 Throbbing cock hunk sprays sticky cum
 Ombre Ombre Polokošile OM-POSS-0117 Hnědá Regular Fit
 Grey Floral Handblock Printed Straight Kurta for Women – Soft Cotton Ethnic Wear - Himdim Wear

---------------

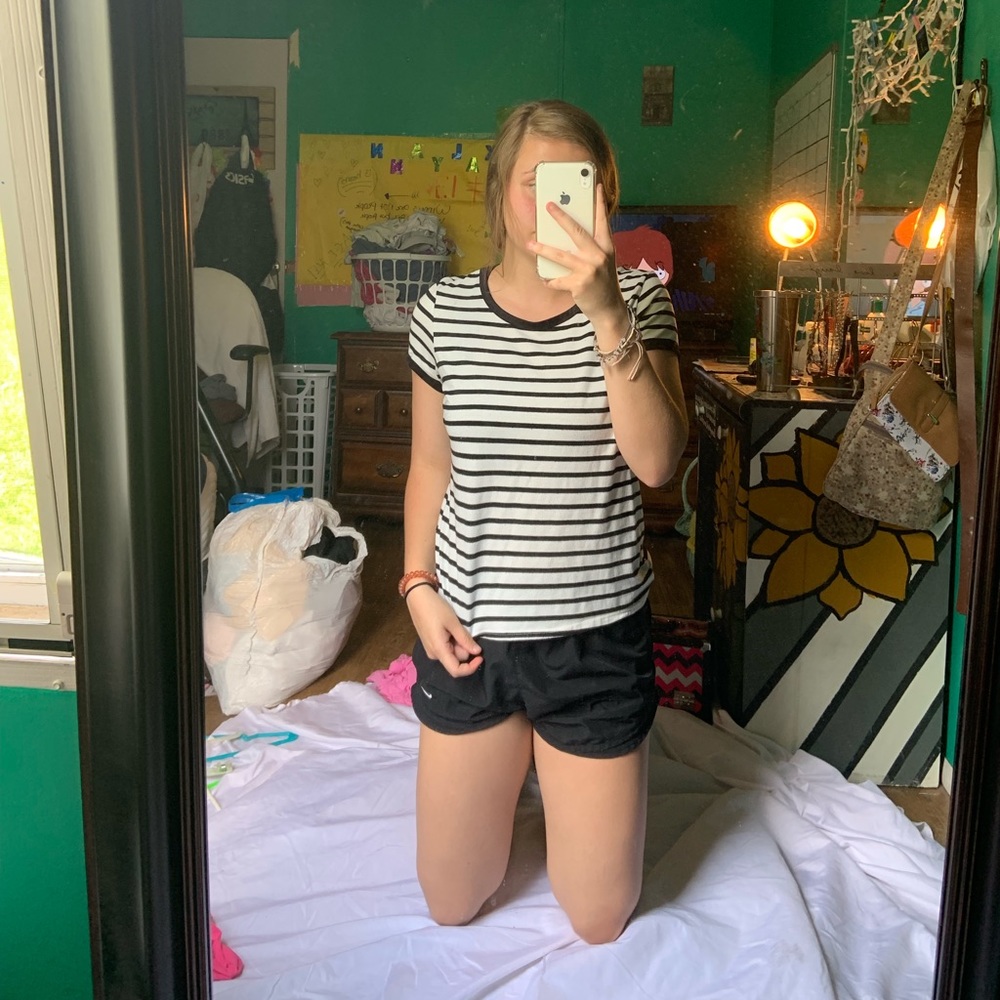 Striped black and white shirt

---------------

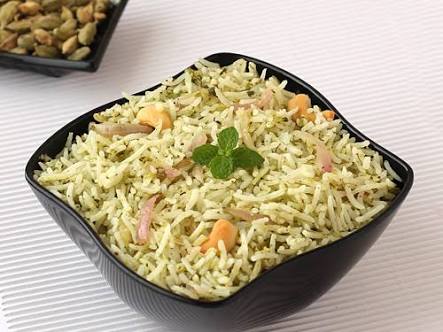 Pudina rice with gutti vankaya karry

---------------

WHAT IS REQUIRED: Out of the material above, output word for word the line with "Throbbing cock hunk sprays sticky cum", the line with "Grey Floral Handblock", and all lines between them, with nothing else.

SOLUTION:
 Throbbing cock hunk sprays sticky cum
 Ombre Ombre Polokošile OM-POSS-0117 Hnědá Regular Fit
 Grey Floral Handblock Printed Straight Kurta for Women – Soft Cotton Ethnic Wear - Himdim Wear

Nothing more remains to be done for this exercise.